Omelia, S. Messa in Coena Domini, 14 aprile 2022

14-04-2022

Carissimi fratelli e sorelle, cari fedeli che da battezzati e cresimati, pentiti nella confessione dei peccati ai ministri di Cristo, vi nutrite del Corpo e del Sangue del Signore crocifisso e risorto; cari sacerdoti che consacrate il Pane celeste e il Calice di salvezza, e ve ne corroborate l’anima per la vostra santità e, anche con l’aiuto dei diaconi, li amministrate ai fratelli per la loro crescita spirituale. Cari giovani e adulti della comunità di riabilitazione per il disagio giovanile qui in Acerenza, denominata “Il Giardino di Alice”, insieme ai vostri responsabili, operatori e operatrici, convenuti in cattedrale per la S. Messa e per il gesto liturgico della lavanda dei piedi.
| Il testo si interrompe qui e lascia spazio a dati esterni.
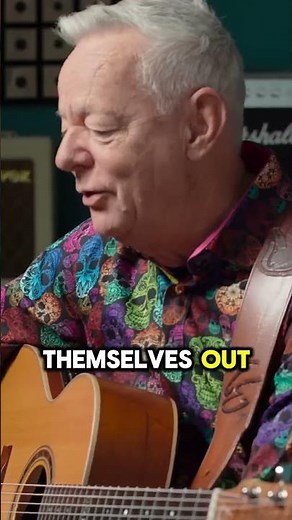 Tommy Emmanuel’s Simple Trick to Play Guitar Better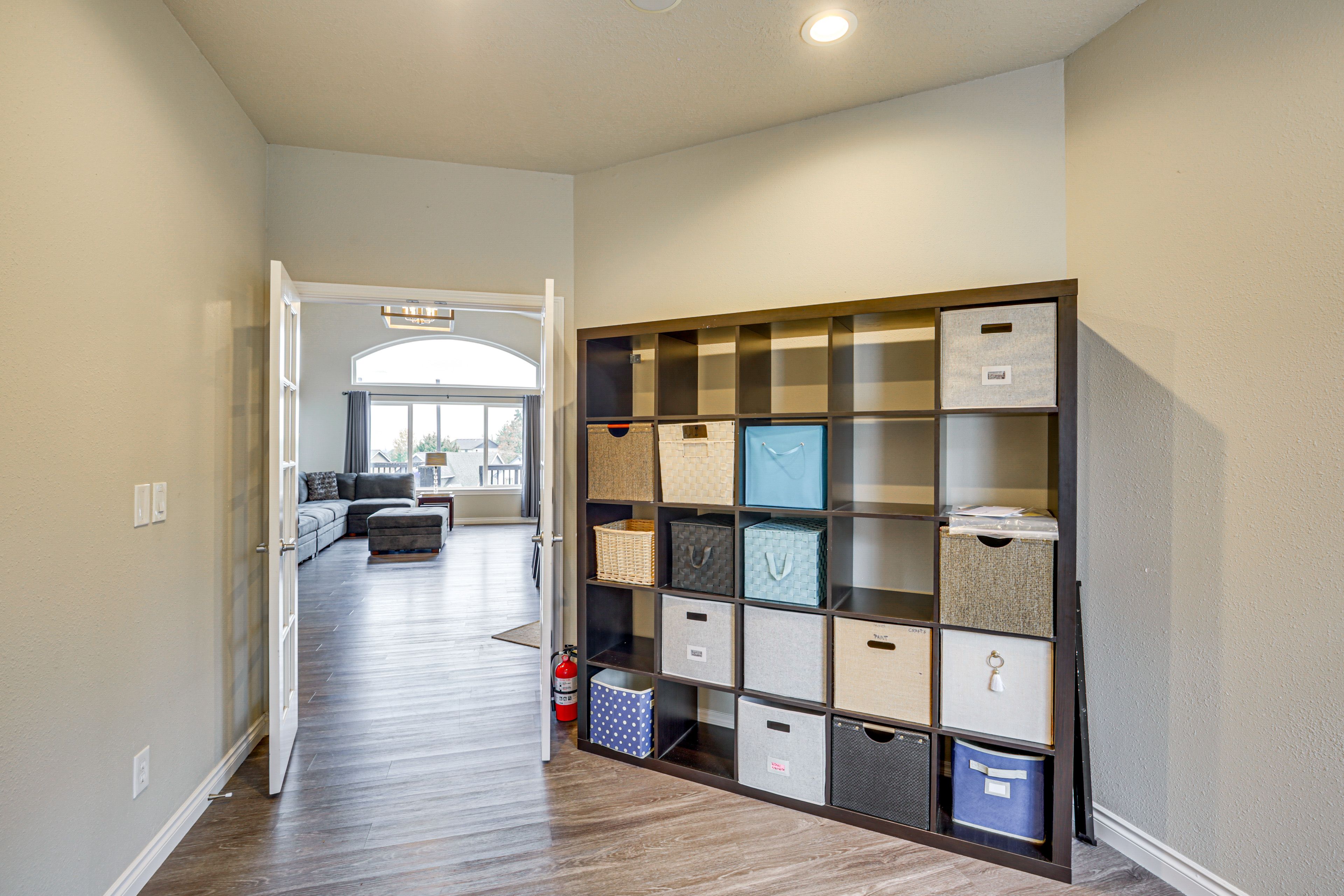 Bonus Room | Storage Area
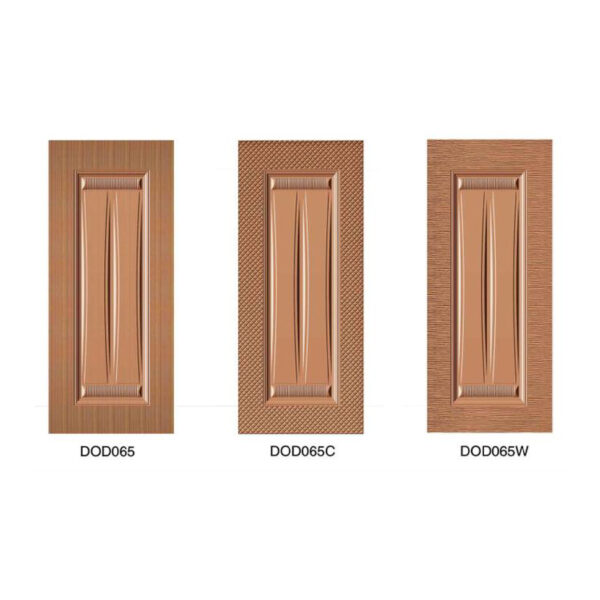 Steel door design DOD065 in plain, chaka, and watermark styles – durable, stylish, and secure steel doors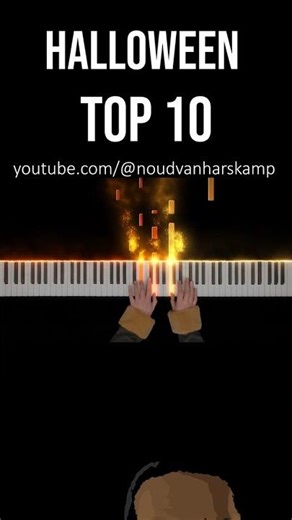 Halloween Top 10 - Candyman Theme Song (Piano Version) #3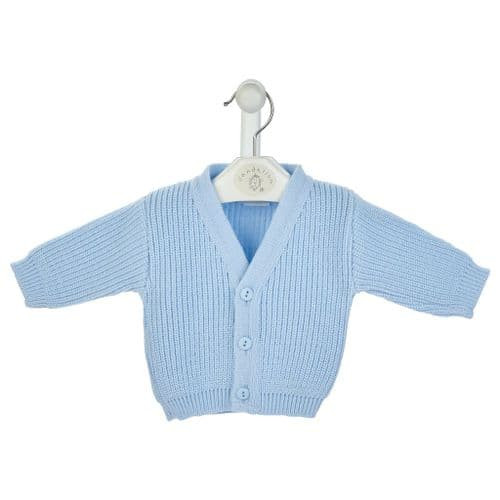 Dandelion Tiny Baby Blue Cardigan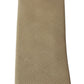 Dolce & Gabbana Elegant Light Brown Silk Tie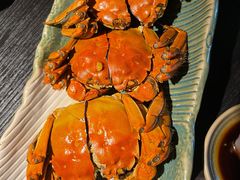酒酿大闸蟹-花潮料理艺食馆(成都万象城店)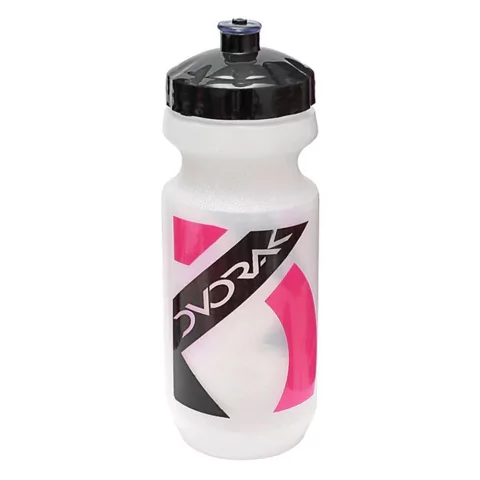 Garrafa Dvorak 500ml Bico de Silicone - Preto e Rosa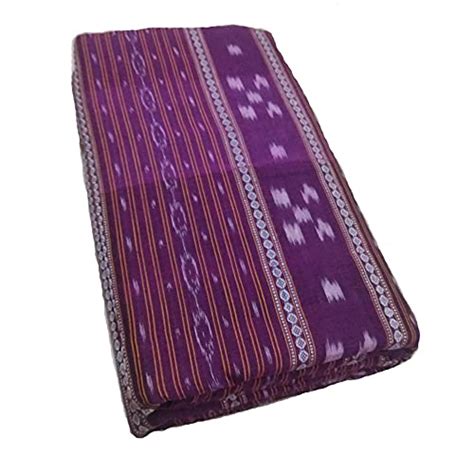 Buy Fabscraft Sambalpuri Ikat Cotton Odisha Handloom Dress Material and ...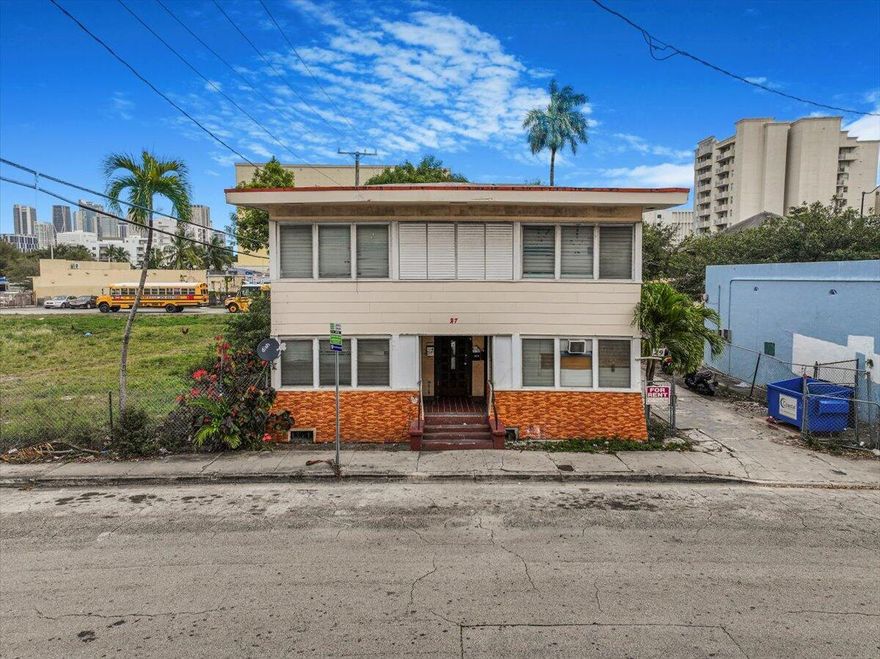 Nestled in close proximity to the vibrant Downtown Miami and the dynamic Brickell area, this 6-unit multifamily property offers significant potential for investors and developers alike. With T6-12 O zoning, you benefit from a favorable density allowance of 150 units per acre, opening the door for expansion or redevelopment in one of Miami's most sought-after neighborhoods.

This property not only provides immediate rental income but also positions you strategically to capitalize on Miami's ongoing growth and urban development. Enjoy the convenience of easy access to dining, shopping, and public transportation, making this an attractive option for tenants seeking the ultimate urban lifestyle.

Whether you're looking to enhance your real estate portfolio or embark on a new development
È un sentimento di gioia e di fede celebrare l’Eucaristia nel Giovedì santo, in cui la Parola divina ci ricorda l’Agnello dell’Esodo di liberazione dalla schiavitù d’Egitto, dell’agnello senza difetti e senza macchia, immolato, consumato in famiglia e con le case segnate dal suo sangue per salvezza dal passaggio dell’Angelo di Dio, mandato a punire il faraone, ostinato nell’opprimere il popolo di Abramo. Quell’agnello antico sacrificato, mangiato, il cui sangue salvava dalla morte, è la prefigurazione profetica di Cristo, vero Agnello di Dio, Colui che toglie i peccati del mondo. Beati gli invitati alla sua Cena!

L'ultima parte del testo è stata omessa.